§ **EXERCISE**: Repeat exactly the lines of the records below, starting at the line containing "Glicinato Magnesio Momosie" and ending at the line containing "Flamingo sunset - Baby". Leave the pictures out.

§ **EXCERPTED DATA**:
----------------------------------------
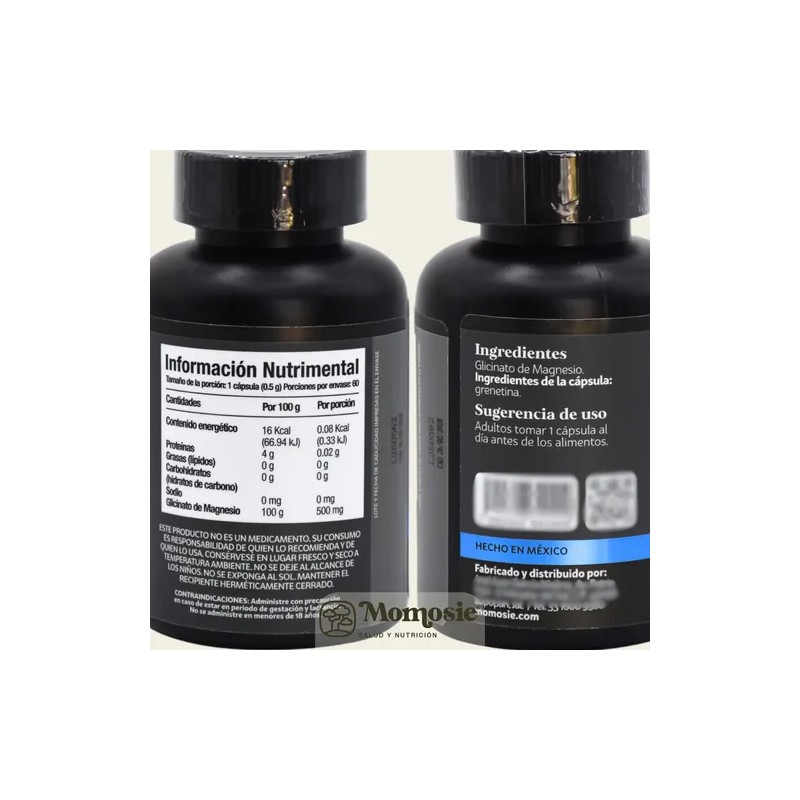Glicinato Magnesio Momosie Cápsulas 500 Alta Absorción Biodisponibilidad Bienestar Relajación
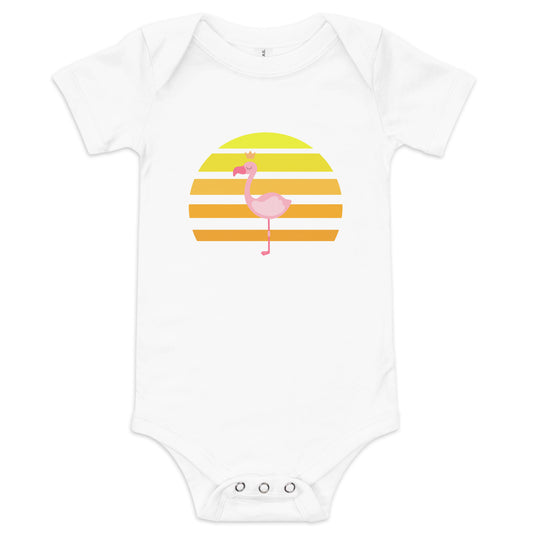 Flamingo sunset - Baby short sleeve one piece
----------------------------------------
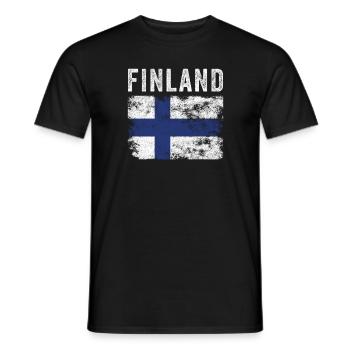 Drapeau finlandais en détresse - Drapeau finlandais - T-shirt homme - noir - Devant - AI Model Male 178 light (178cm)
----------------------------------------
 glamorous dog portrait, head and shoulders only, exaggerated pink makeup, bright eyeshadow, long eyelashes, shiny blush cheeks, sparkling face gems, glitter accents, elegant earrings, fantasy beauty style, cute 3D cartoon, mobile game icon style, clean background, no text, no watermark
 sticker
----------------------------------------
§ **WORKED SOLUTION**:
Glicinato Magnesio Momosie Cápsulas 500 Alta Absorción Biodisponibilidad Bienestar Relajación
 Flamingo sunset - Baby short sleeve one piece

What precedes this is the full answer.